## Problem statement
Any pictures in the records below must be left out when you repeat the lines from the line containing "Длиннорогая бабочка Nemophora" through the line containing "Rose fond noir, feuilles" exactly.

## Records for processing

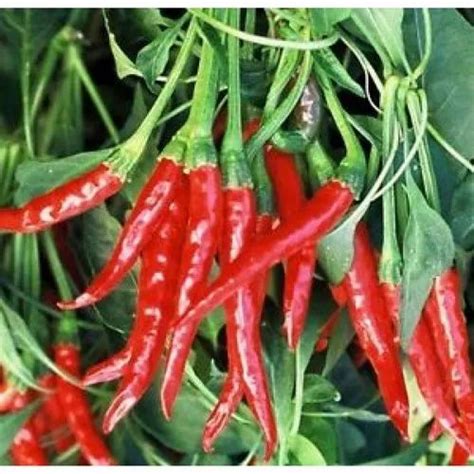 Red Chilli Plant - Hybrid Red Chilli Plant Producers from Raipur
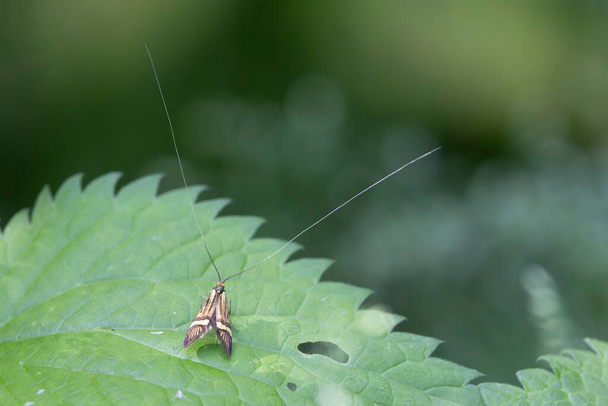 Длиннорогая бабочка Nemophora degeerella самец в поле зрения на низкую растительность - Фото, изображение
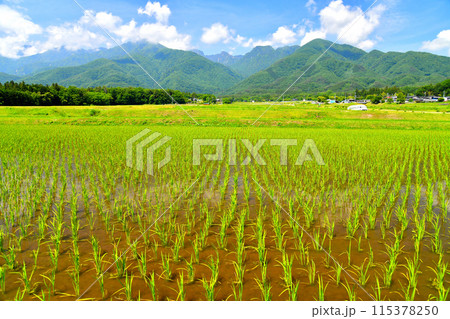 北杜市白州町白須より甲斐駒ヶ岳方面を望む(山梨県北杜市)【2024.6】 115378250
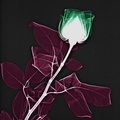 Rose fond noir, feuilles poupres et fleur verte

==

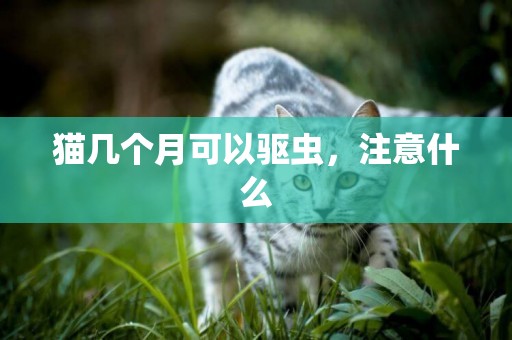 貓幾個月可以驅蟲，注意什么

## Answer to the exercise
 Длиннорогая бабочка Nemophora degeerella самец в поле зрения на низкую растительность - Фото, изображение
 北杜市白州町白須より甲斐駒ヶ岳方面を望む(山梨県北杜市)【2024.6】 115378250
 Rose fond noir, feuilles poupres et fleur verte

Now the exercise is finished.